DATASET CONTENT:
##########
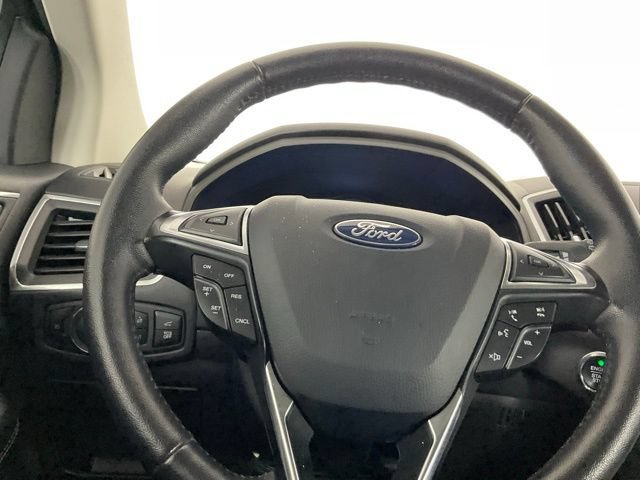 Used 2024 Ford Edge Titanium AWD/4WD image 19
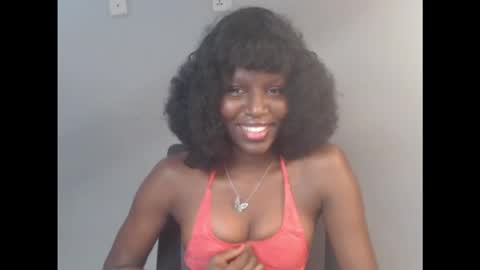 Snapshot of cum_ebony_xsecret chatting on 10.29.25 sophie online show from 10.29.25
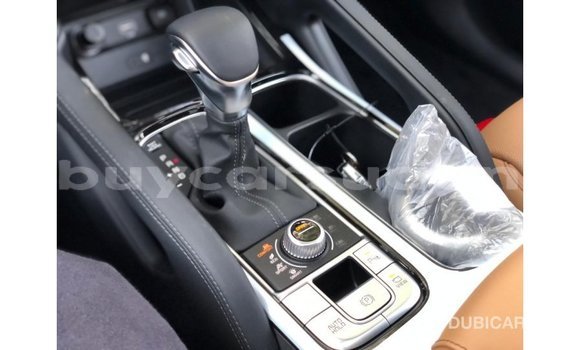 Acheter Import Voiture Kia Carens Blanc à Import - Dubai, État d'Al Jazirah Acheter Import Voiture Kia Carens Blanc à Import - Dubai, État d'Al Jazirah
##########
ABOUT THIS EXERCISE: The listing above must be retyped word for word, without the pictures.

RESULT OF THIS EXERCISE:
 Used 2024 Ford Edge Titanium AWD/4WD image 19
 Snapshot of cum_ebony_xsecret chatting on 10.29.25 sophie online show from 10.29.25
 Acheter Import Voiture Kia Carens Blanc à Import - Dubai, État d'Al Jazirah Acheter Import Voiture Kia Carens Blanc à Import - Dubai, État d'Al Jazirah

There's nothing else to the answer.